[Records from a data source]
▬▬▬▬▬▬

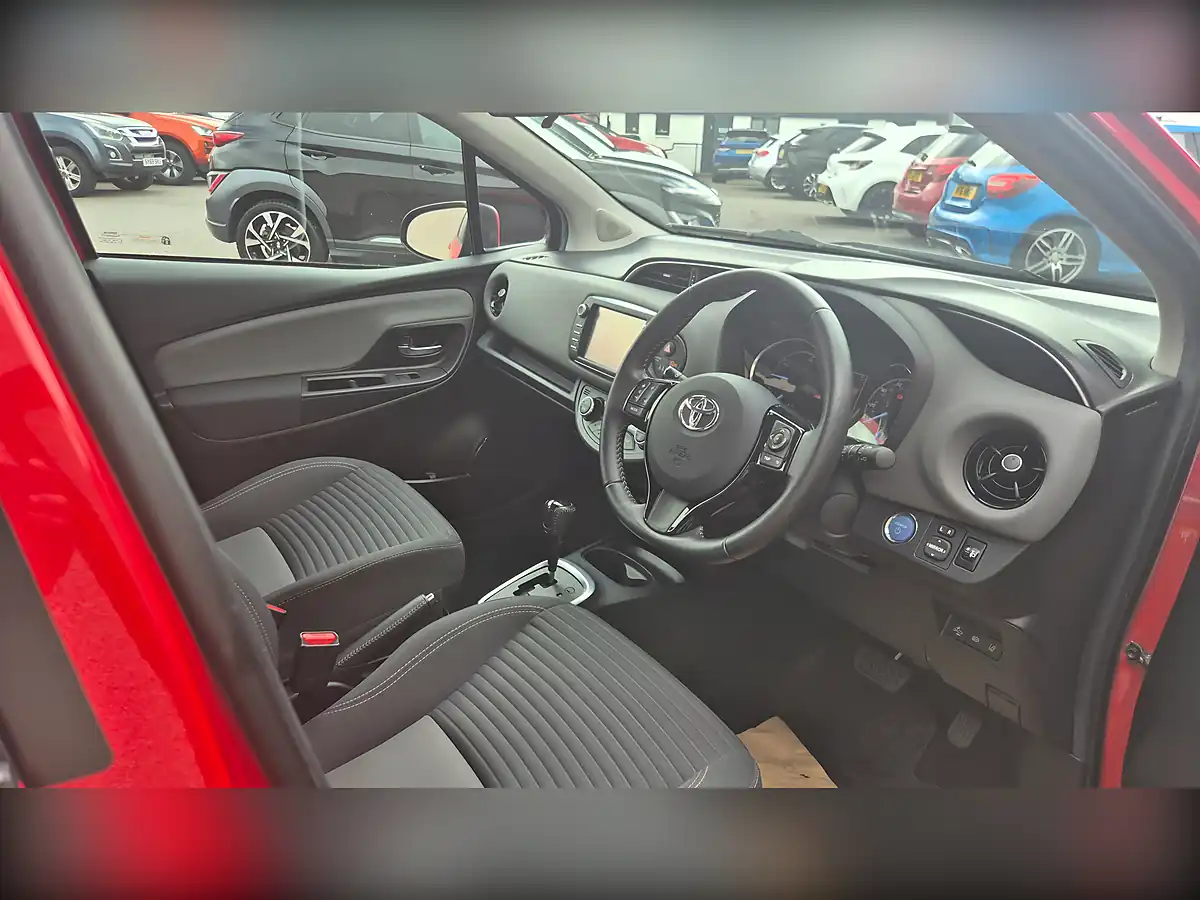 Used 2018 Toyota Yaris Icon Tech Red - Interior and Exterior details 8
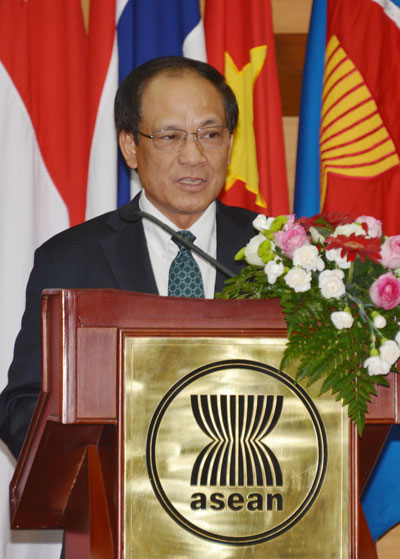 Ông Lê Lương Minh phát biểu tại lễ nhận chức - Ảnh: AFP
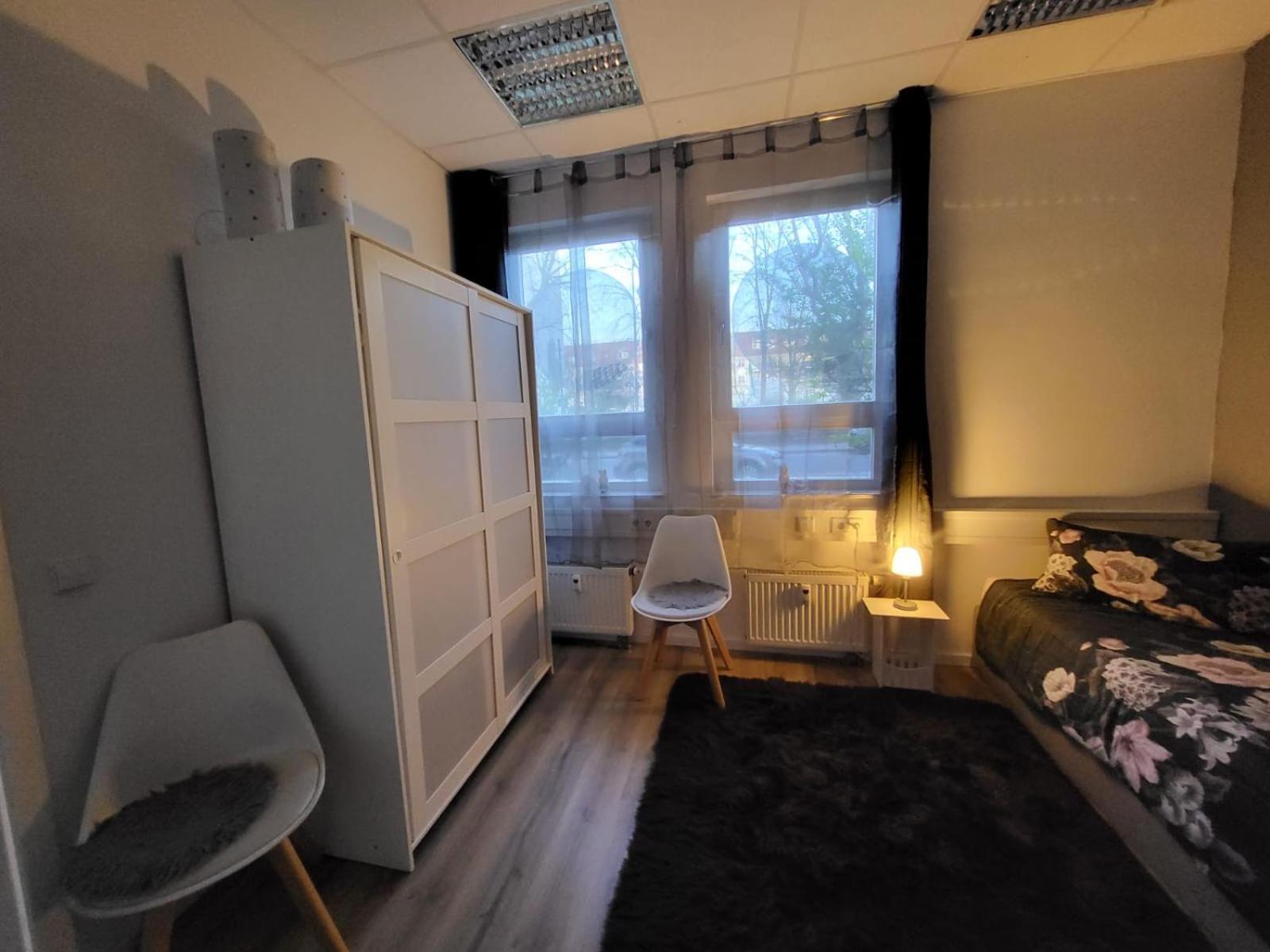 Studio 1 Mit Gemeinschaftsraeumen, Tiefgarage Lipsia Esterno foto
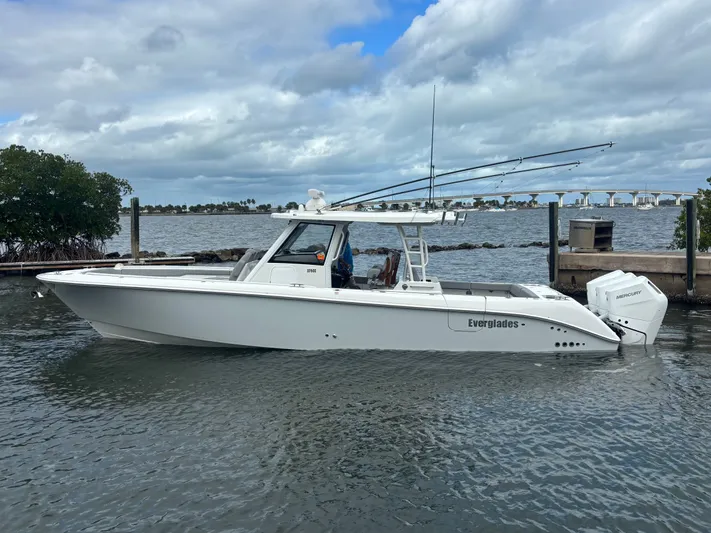  Yacht Photos Pics 2026 EVERGLADES 375 CC - Image 20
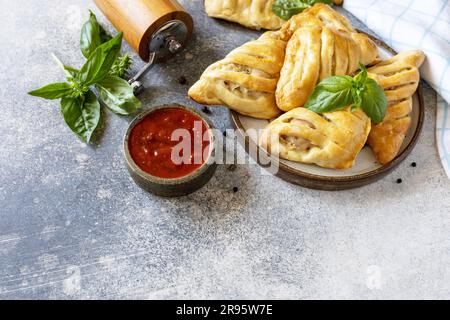 Mini-Fleischpasteten mit Huhn aus Blätterteig auf einem Steintisch. Country-Style. Leckeres Essen. Speicherplatz kopieren. Stockfoto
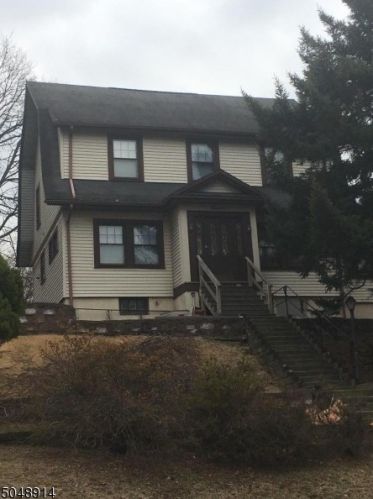 11 Westview Rd, Verona, NJ 07044-2817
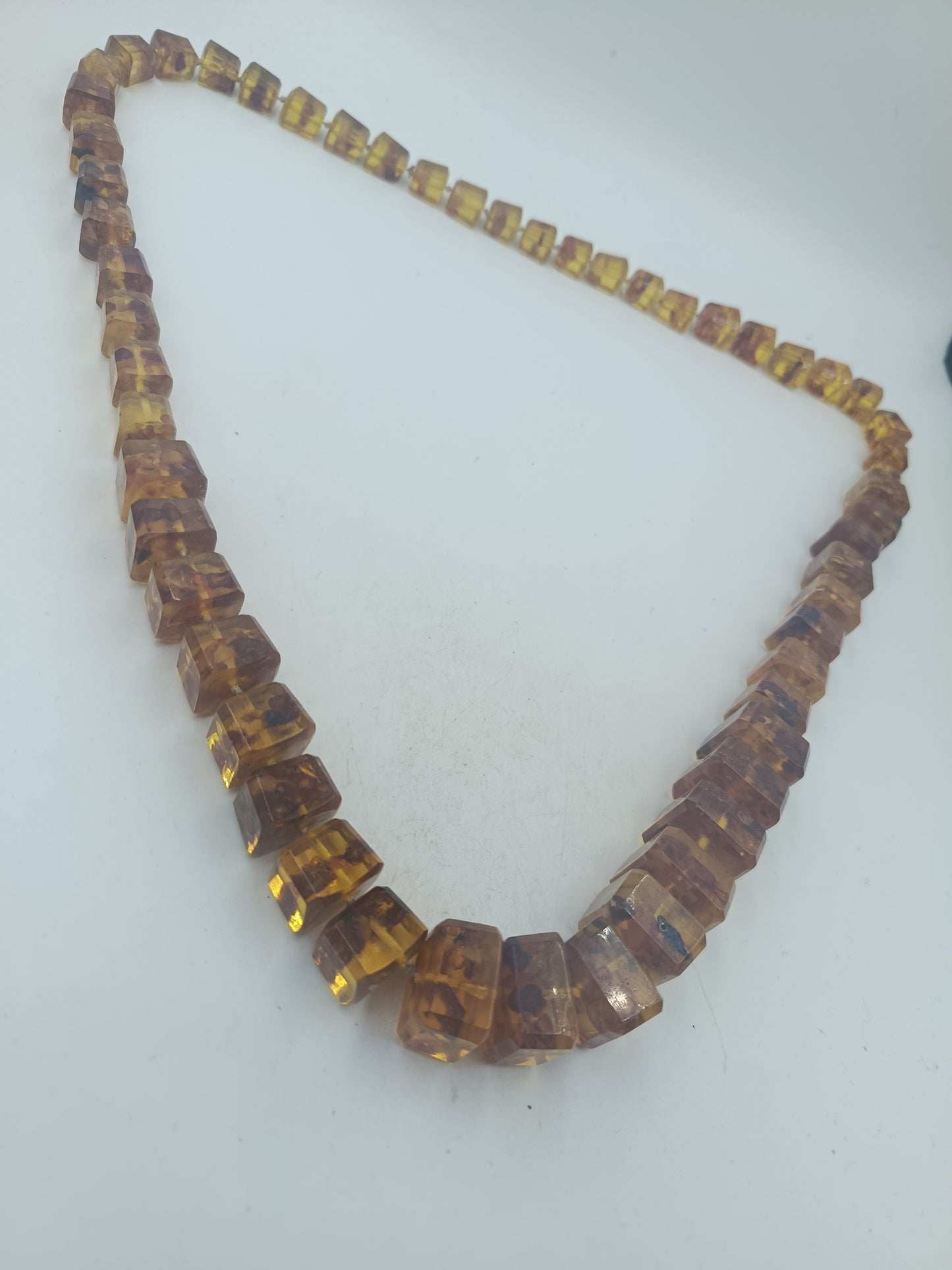 Bernstein Halskette mit warmen Naturfarben und markanter Würfelform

▬▬▬▬▬▬

- TASK DETAILS
All lines above are to be restated word for word, with pictures excluded.

- EXERCISE ANSWER
 Used 2018 Toyota Yaris Icon Tech Red - Interior and Exterior details 8
 Ông Lê Lương Minh phát biểu tại lễ nhận chức - Ảnh: AFP
 Studio 1 Mit Gemeinschaftsraeumen, Tiefgarage Lipsia Esterno foto
  Yacht Photos Pics 2026 EVERGLADES 375 CC - Image 20
 Mini-Fleischpasteten mit Huhn aus Blätterteig auf einem Steintisch. Country-Style. Leckeres Essen. Speicherplatz kopieren. Stockfoto
 11 Westview Rd, Verona, NJ 07044-2817
 Bernstein Halskette mit warmen Naturfarben und markanter Würfelform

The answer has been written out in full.